In terms of raw performance, there will be a tiny overhead when
unpacking sets from the Prim constructor. But this should be
negligible, as set-specific operations performed using Data.Set under
the hood will likely dominate the runtime.

Now, how does the runtime complexity of overloaded functions from the
Functor, Monad and other supported type classes compared to the
set-specific ones?

You are right that there is a problem when mplus is composed with >>=.
I have not done a proper investigation and benchmarking, but I think
(and hope) this should be the only problematic case when it comes to
runtime complexity. Luckily, there is an easy workaround (see below).

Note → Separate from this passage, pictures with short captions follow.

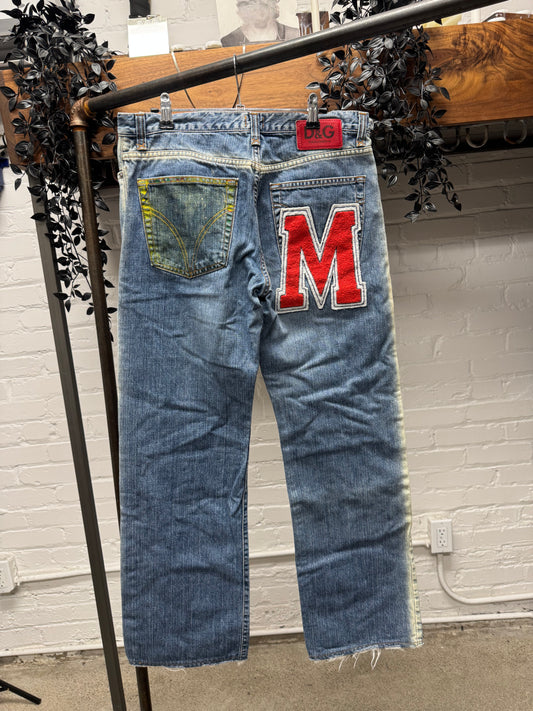 2000s Dolce & Gabbana ‘M’ Chenille Patch Bootcut Denim
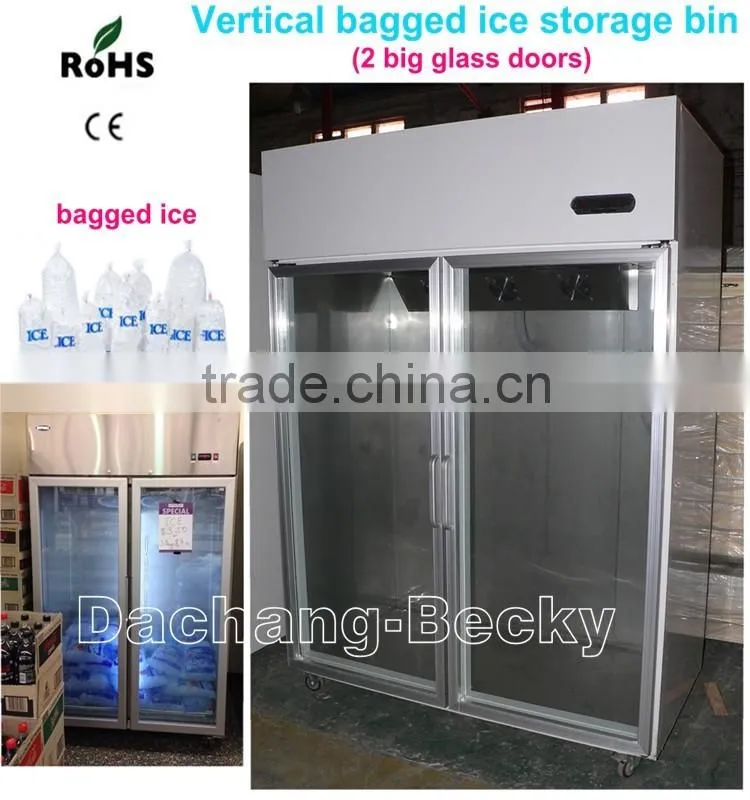 Upright ice merchandiser with 2-glass door bagged ice storage bin temp -12degree C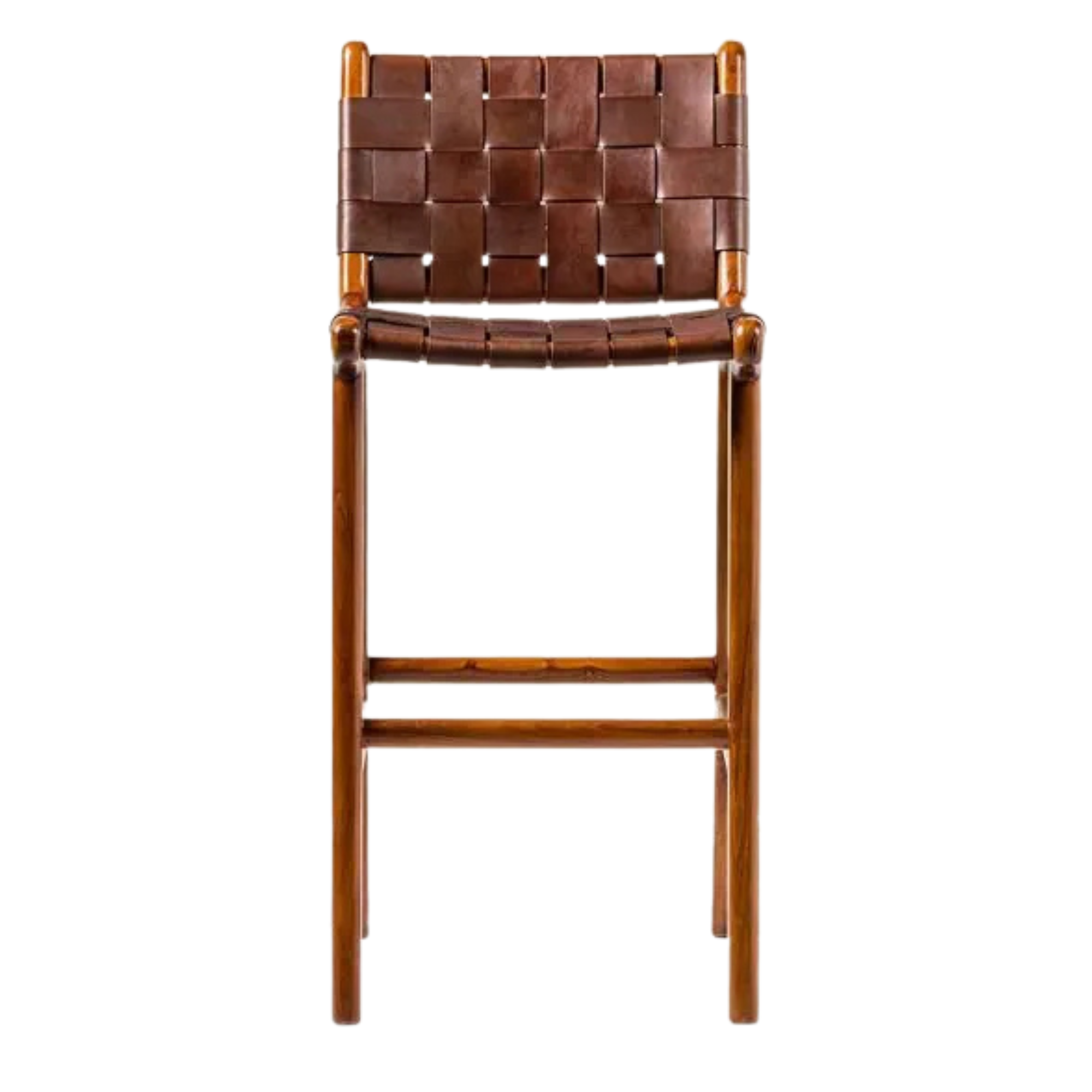 Teak Wood Bar Chair with Woven Leather Seat and Backrest CV Aqma Furniture Teak Wood Bar Chair with Woven Leather Seat and Backrest CV Aqma Furniture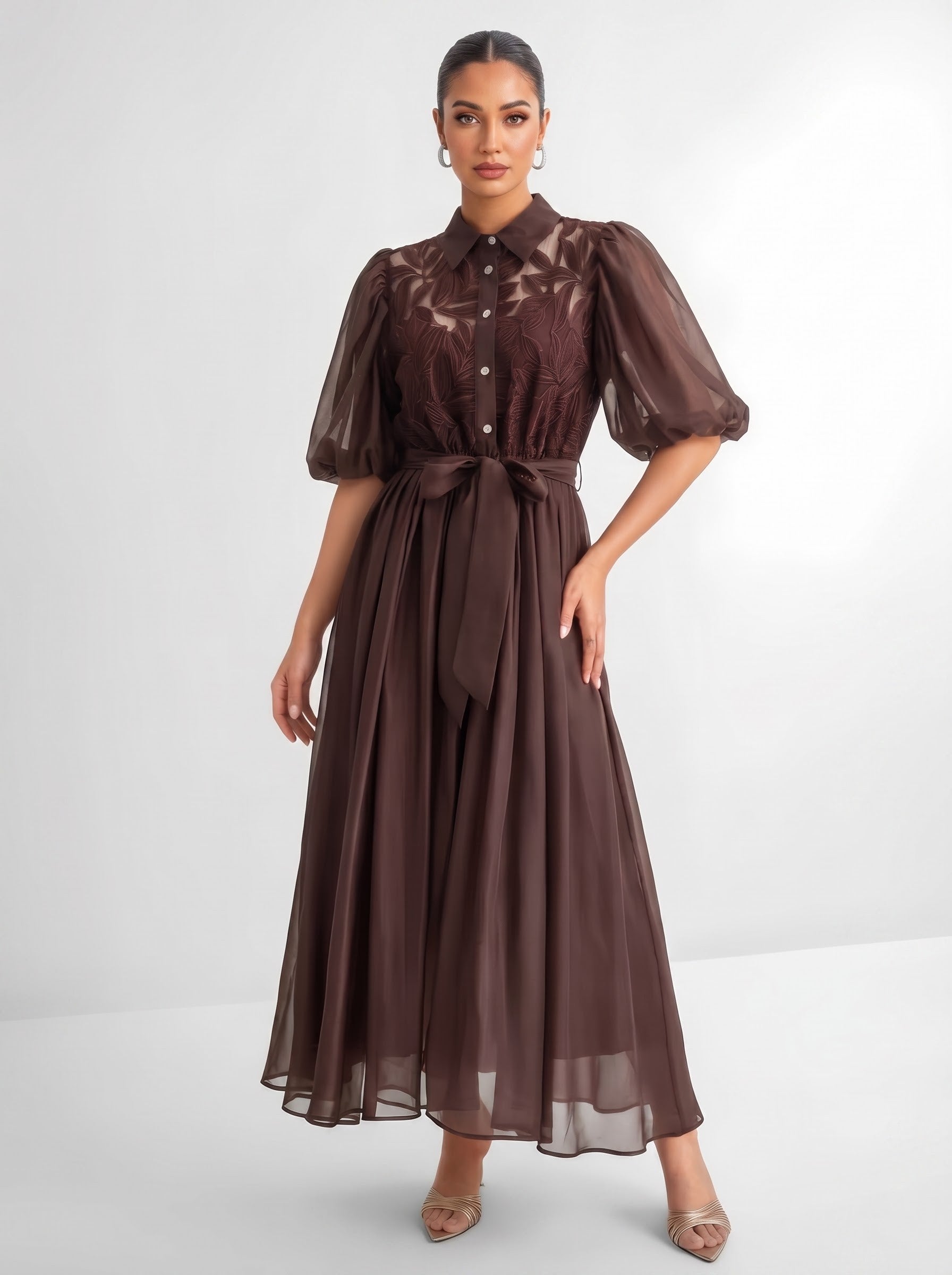Embroidered Puff Sleeve Shirt Dress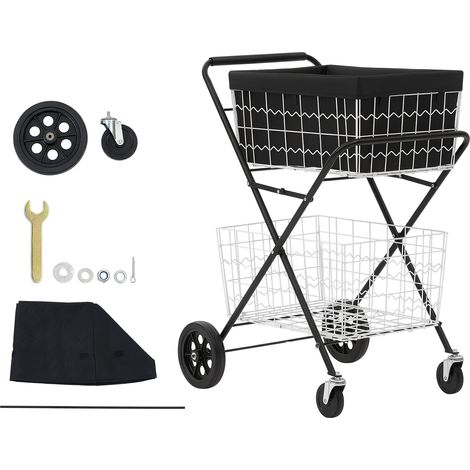 Mophorn Chariot de courses pliable à 2 niveaux, capacité de charge de 40 kg, équipé de 4 roues et de 2 paniers amovibles, idéal pour les courses et supermarchés, avec roues avant pivotantes à 360° (1/5)
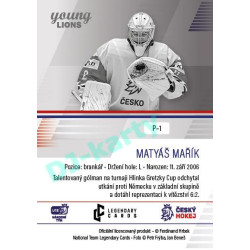 2023/24 Legendary Cards Hlinka Gretzky Cup Young Lions #P-01 Matyáš Mařík Portréty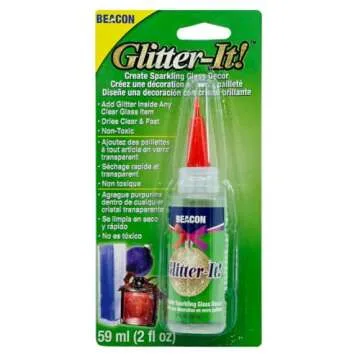 BEACON Glitter-It! Quick-Drying, Crystal Clear, Non-Toxic Glue for Sparkling Glass Decor & Ornament ...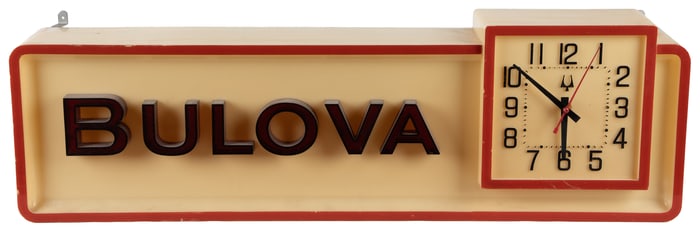 Bulova Lighted Advertising Clock Sign. 1981. Molded plastic...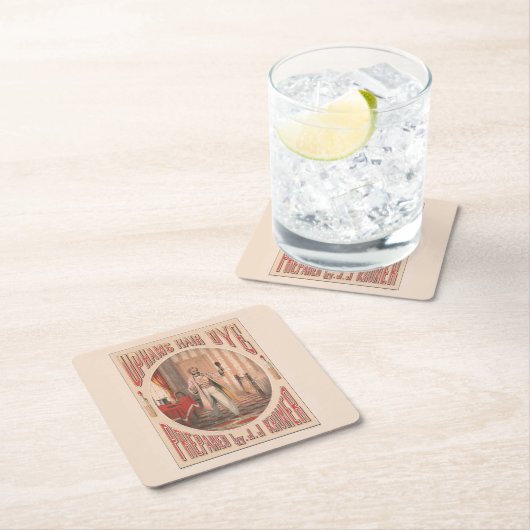 Haarfärbemittel, Circa 1864 Rechteckiger Pappuntersetzer (Vor Ort)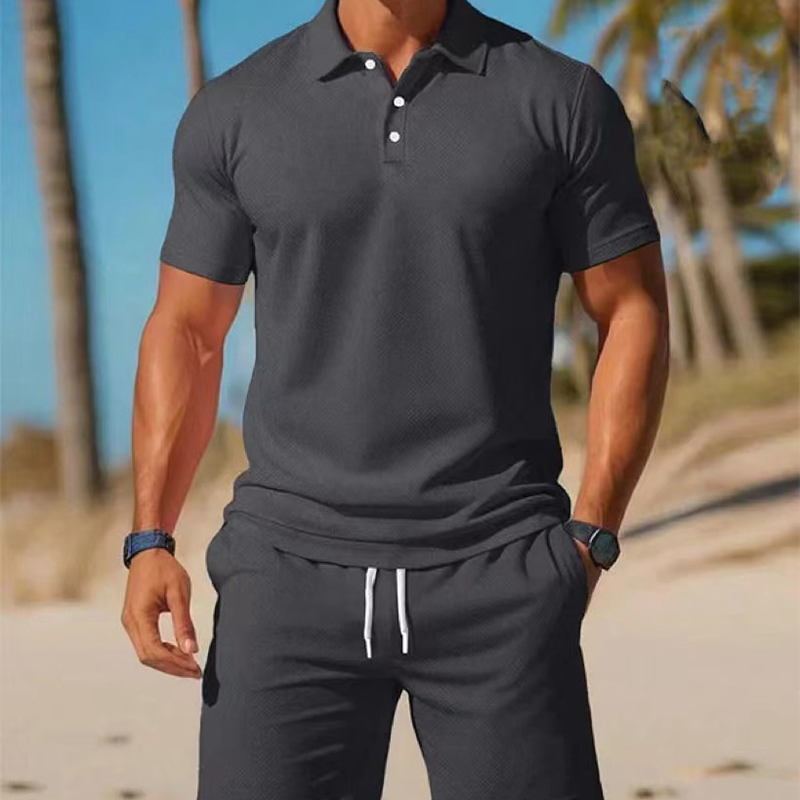 🔥 Zweiteiliges Sommer-Set für Herren 👨 Polohemd & Shorts – Ein komplettes Outfit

Let us take a detailed look at this case:

run (Bind (Plus ma mb) f) = run (Plus (Bind ma f) (Bind mb f))

Should ma mb be equal, this will run the function f twice
(unnecessarily). So does this mean that there is only the factor of 2
slowdown compared to the case where the sets are combined before the
bind. Unfortunately, the answer is no, ma and mb could be constructed
with Plus as well. In the worst case the slowdown is k, where k is the
number equal sets in the tree of Pluses (in the worst case all sets in
the tree are equal) in the left hand side of the bind.

The key to the approach used in set-monad is to make progress with the
evaluation of the unconstrained constructors (i.e., Return, Bind, Zero
and Plus) without using constrained set-specific operations. It turns
out that for several cases one can progress with the evaluation
without duplicating f (evaluation relies on monoid laws, Plus is
associative and Zero is left and right identity of Plus). I have
pushed those optimisations to the repo. These optimisations also cover
your example.

But there is one case for which I have not found a way to progress
with the evaluation without duplicating f:

run (Bind (Plus (Bind _ _) (Bind _ _)) f)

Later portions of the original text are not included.